Computing technology was a new and growing influence when Deborah began working for GM. She knew that GM needed a programmers if they expected to stay up-to-date. “I told my boss I could program,” Deborah says. “He seemed pretty surprised, but I did get the job as a programmer.” After just a few years, Deborah earned her Bachelor’s degree from Marygrove College in computing and was promoted to Supervisor in the engineering test lab. After receiving an Master’s in Business Administration degree from the New York Institute of Technology, Deborah transferred into the Information Technology group as a manager. A new transmission was going to introduced at a conference downtown and Deborah’s boss couldn’t be there to present so Deborah offered to fill in for him. When Deborah showed up at the conference, she felt like the other attendees were surprised to see her there. When she introduced herself as the person who was presenting, the organizer of the event didn’t believe her. “I thought he was sending one of his engineers.” “That’s me,” Deborah replied, “I’m from the Powertrain division.”

Deborah often didn’t fit co-workers’ expectations in the engineering world of the early 1980s. “They treated me more like a curiosity than a co-worker,” Deborah recalls. She knew that how she reacted to the treatment was important, not so much for herself, but “for the next black person who might not get hired – who might have to pay the price for my behavior. Like it or not, I had to think before I spoke up – if it would hurt anybody else coming behind me.” One year at Christmas time, a director came through the office with a bag of decorations. Deborah and three colleagues were discussing work. “Why don’t you decorate the office?” the director said to Deborah and tossed her the bag of decorations. Deborah was the only woman in the group. “I left. I had to think. I knew I couldn’t react right away.” Later Deborah talked to the director who apologized.
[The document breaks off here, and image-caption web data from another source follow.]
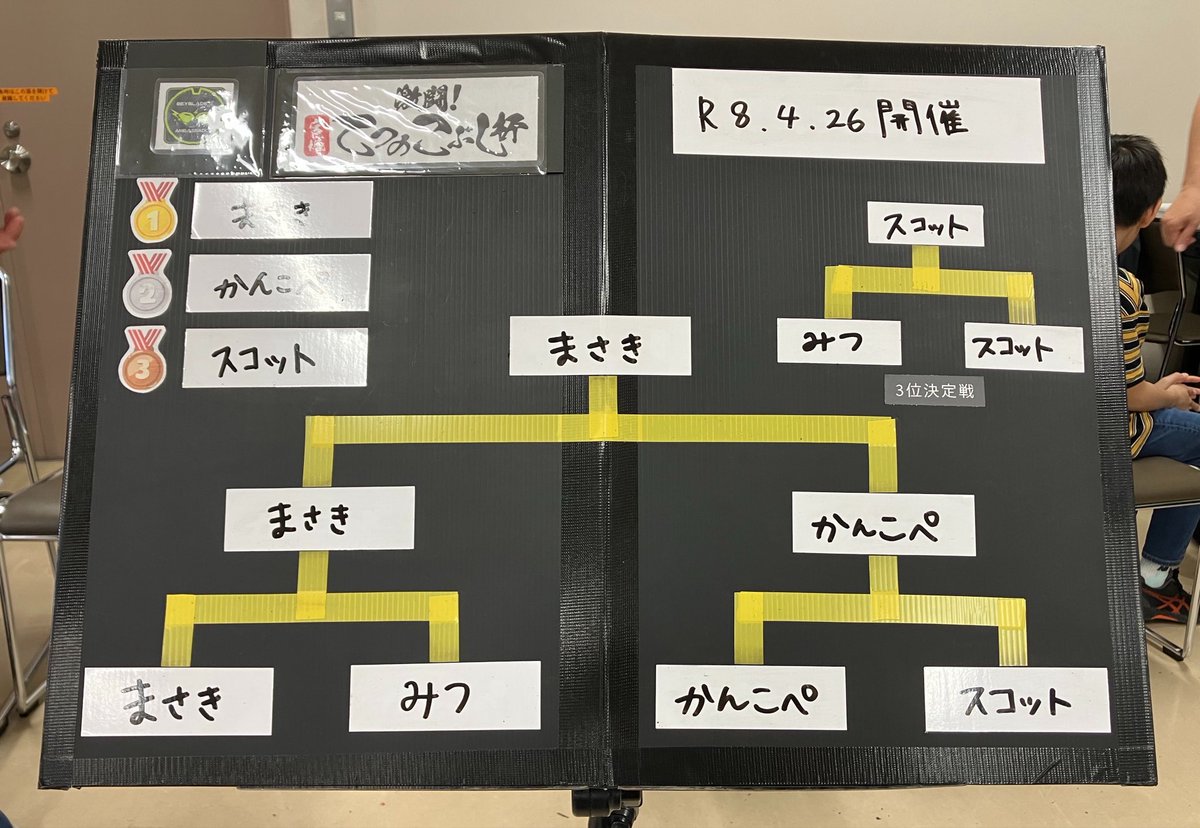 パーモット@激闘！宮城てつのこぶし杯 tweet media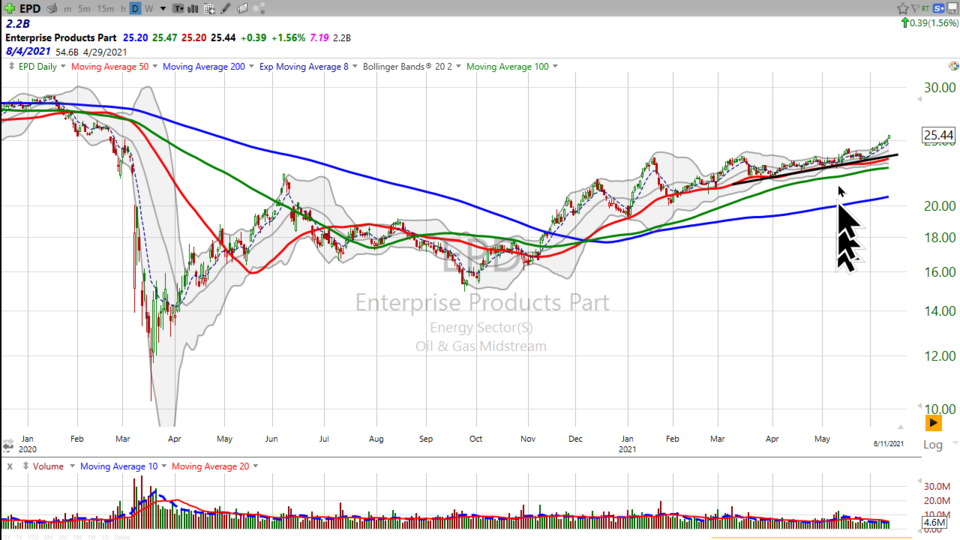 Weekend Update Video - June 11, 2021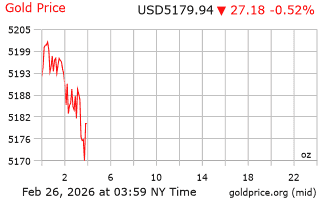 قیمت انس طلا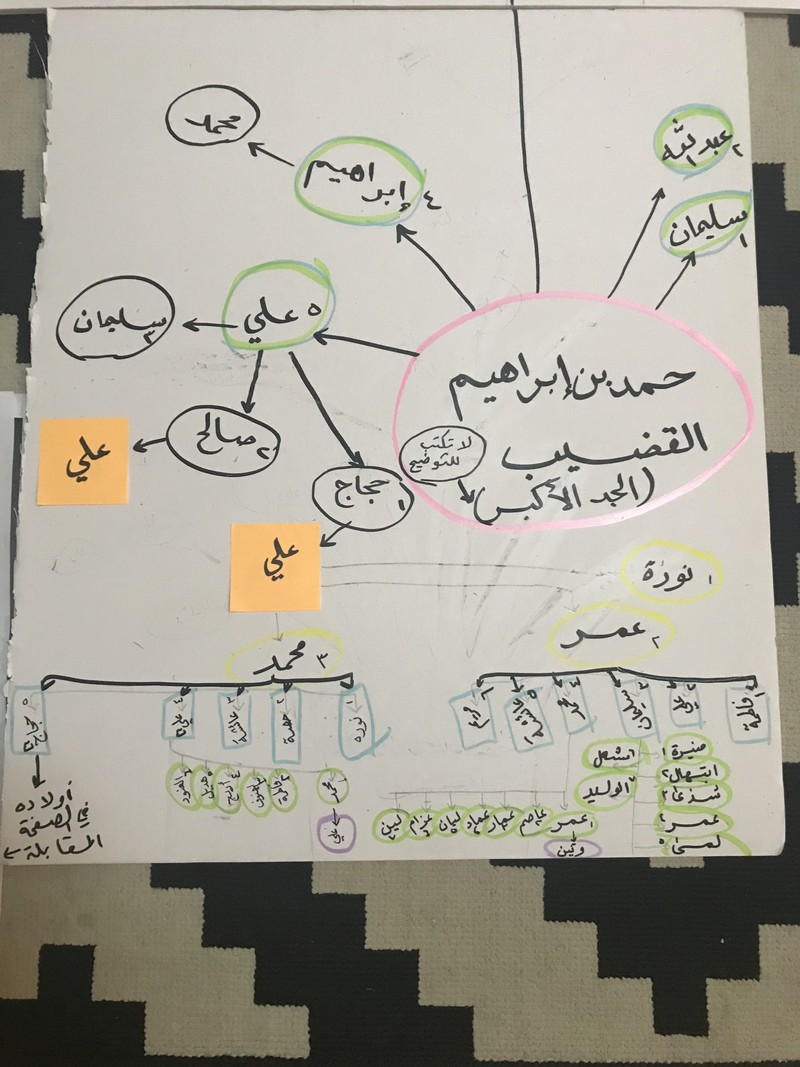 الجد_الأكبر_وأولاده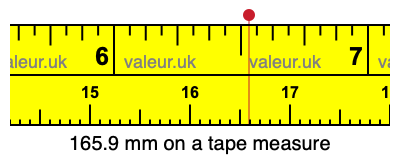 165.9 mm on a tape measure 165.9 millimeters on a tape measure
“I don’t bake. I don’t clean up in the coffee room, and I don’t cuss either.” At the time, the engineering world was made up nearly entirely of men. There was one meeting that was “filled with cussing,” as Deborah remembers. She had had enough. “I’m leaving,” Deborah told her co-workers. “If you want me at this meeting, the cussing has to stop.” It was. “Choosing which battles to pick took time,” says Deborah. “I won’t sit and listen or be a part of bad behavior. I told my co-workers ‘You’ll get my help when you’re reasonable.’” They learned to respect that.
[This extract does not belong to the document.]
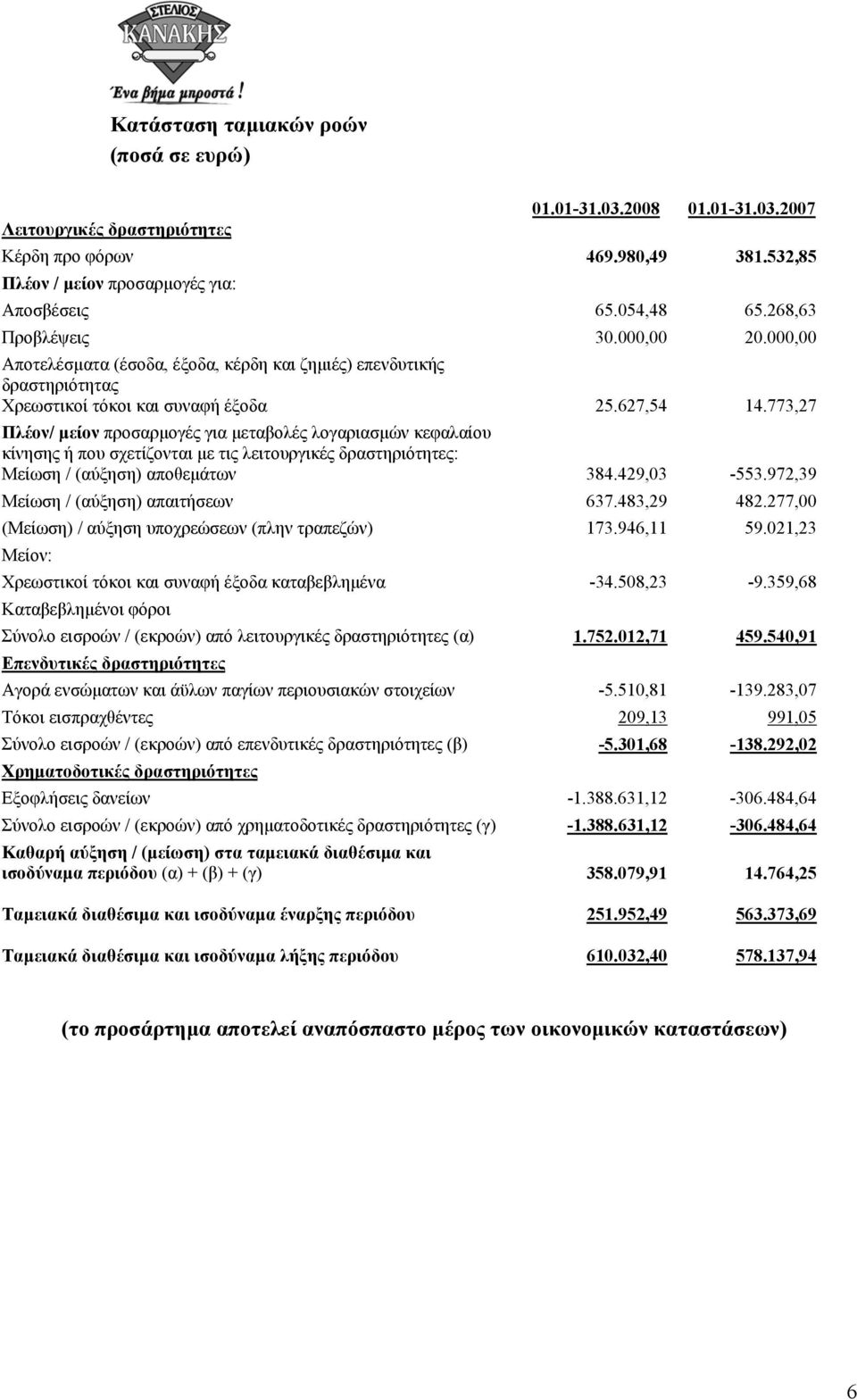 773,27 Πλέον/ µείον προσαρµογές για µεταβολές λογαριασµών κεφαλαίου κίνησης ή που σχετίζονται µε τις λειτουργικές δραστηριότητες: Μείωση / (αύξηση) αποθεµάτων 384.429,03-553.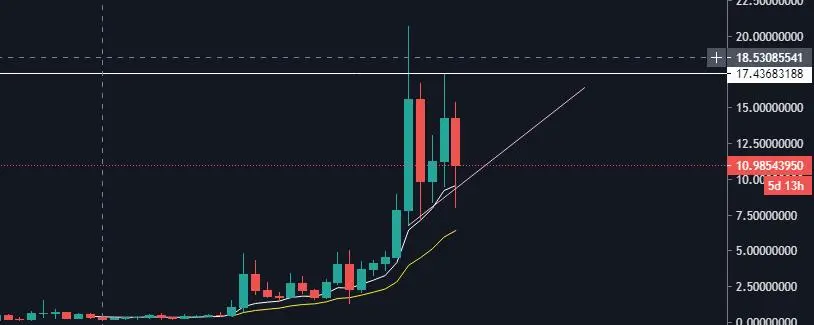 Chainlink Monthly Chart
FINDING A HOME IN GRANDMONT ROSEDALE

Deborah started at Hydromatic which changed to Powertrain in Ypsilanti. With a good, steady job, Deborah started looking at houses in Grandmont Rosedale, the neighborhood she so fondly remembered. She found a beautiful home that had a for sale sign out front. She told her real estate agent about it. Her real estate agent told Deborah that she couldn’t afford it. “I had no debt. I worked overtime. I had saved every dime, but my realtor never asked me if I had saved for a down payment on a house. So I got another realtor.” Deborah had enough saved to put a third down on the house she wanted in Grandmont Rosedale. Because Deborah’s savings plan was focused on buying a house, her car was far from new. “It was a raggedy car with a rusted out bottom,” Deborah remembers. Her first few times coming home from work in her car at night after having worked overtime inspired another kind of situation Deborah had to negotiate. “I’d be fine as long as I stayed on Grand River, but the minute I turned into the neighborhood, a police car would follow me in and pull me over. ‘Where are you going?’ ‘Home.’ ‘Really?’ So I’d show the police officer my license. This happened a couple of times, then they got used to my car.”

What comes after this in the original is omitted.